Staff Writer | Dani Herrera
You’re probably used to the onslaught of studying advice from professors, parents and fellow students. However, science has backed a few unusual study tips that you might just want to test for yourself.
1. Study right before going to bed. Our brains strengthen our memories of the day while we sleep. A study published in 2012 titled “Memory for Semantically Related and Unrelated Declarative Information: The Benefit of Sleep, the Cost of Wake” proved that material studied while sleepy was better retained than material studied while subjects were wide awake.
2. A study done in 2010 at the University of South Florida suggests rotating subjects a few times throughout a study session. This can sharpen the mind to find different solutions and strategies to a variety of problems. This is similar to how tests are constructed, especially cumulative tests.
3. Change the scenery. Students can tend to be creatures of habit, always studying in the same place. A study done by the Department of Psychology at Wilfrid Laurier University found that moving around is beneficial. Finding new places to study can re-energize you while you study and can also help you retain more information.
4. Take a break every 90 minutes. Taking small breaks can keep your mind more alert and gives you a chance to refocus your energies. Similar to changing the scenery, it can help boost energy levels.
5. Read the material out loud. Doing this helps with memorization and also with comprehension as your brain is able to process it in multiple ways — seeing the words, saying the words and hearing the words.
6. Get an app that lets you decide what distracting websites to block out. One is called “SelfControl,” and it’s free for Macs. Apps such as this one can help prevent procrastination and multitasking.
7. Try taking notes with different colored pens.

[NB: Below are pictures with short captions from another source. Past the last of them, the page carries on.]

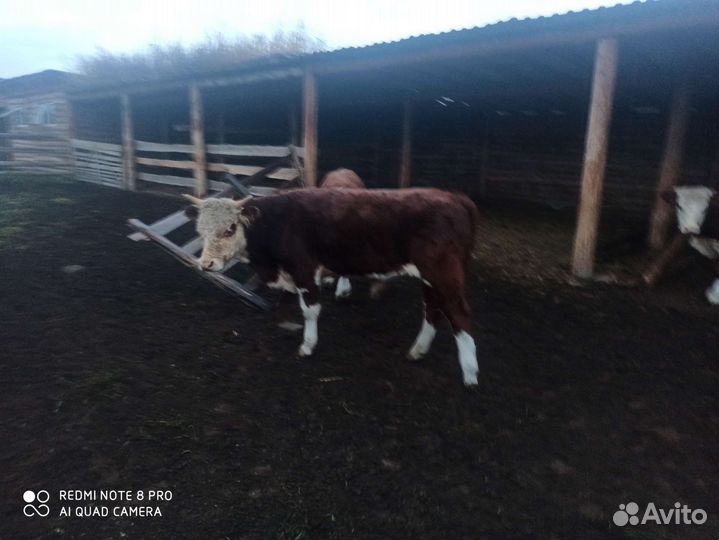 Бычки и телочки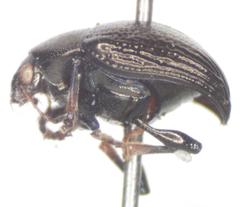 Brachypnoea lefevrei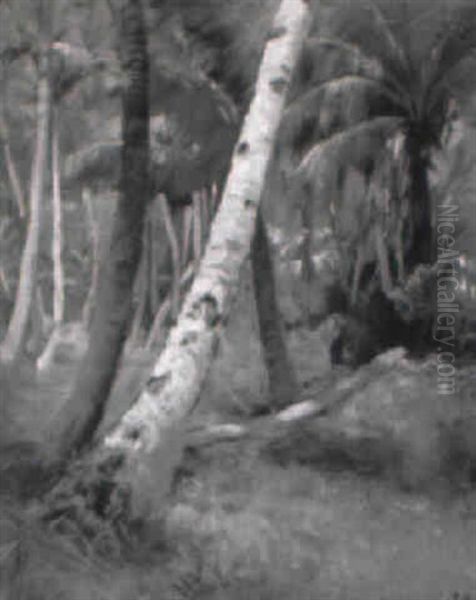 Palm Grove, Hawaii - view 1
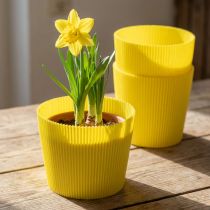Article Poignets plissés jaune 14,5cm 100 pièces
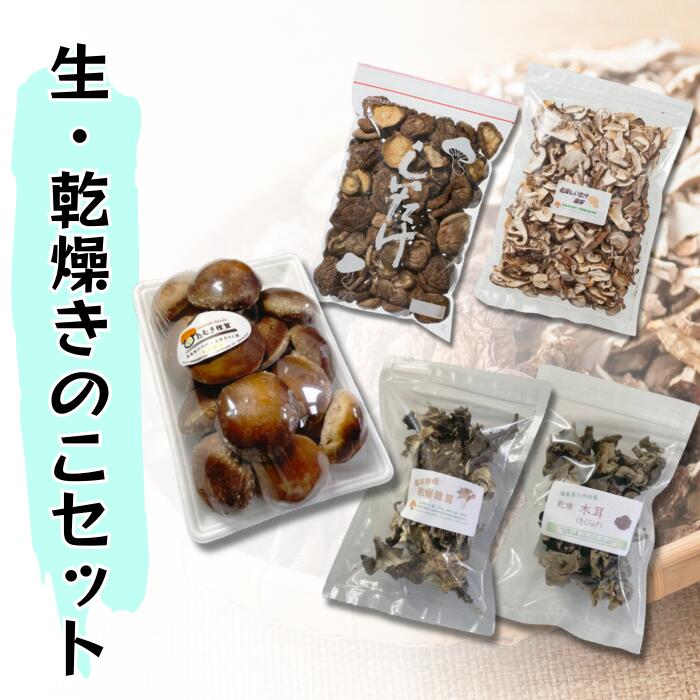 【遠藤きのこ園】生きのこ・乾燥きのこ詰め合わせセット（しいたけ・きくらげ・まいたけ） 10,500円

A 2002 Oxford University study found that seeing the different colors helps memory by also triggering visual memory. Visual memory is located in a different part of the brain and can be more effective because our brains are primarily “image processors.” This can also be a fun incentive to take notes.
Hopefully, these tips help ease the burden of finals week and make those last-minute cramming sessions just a little more effective!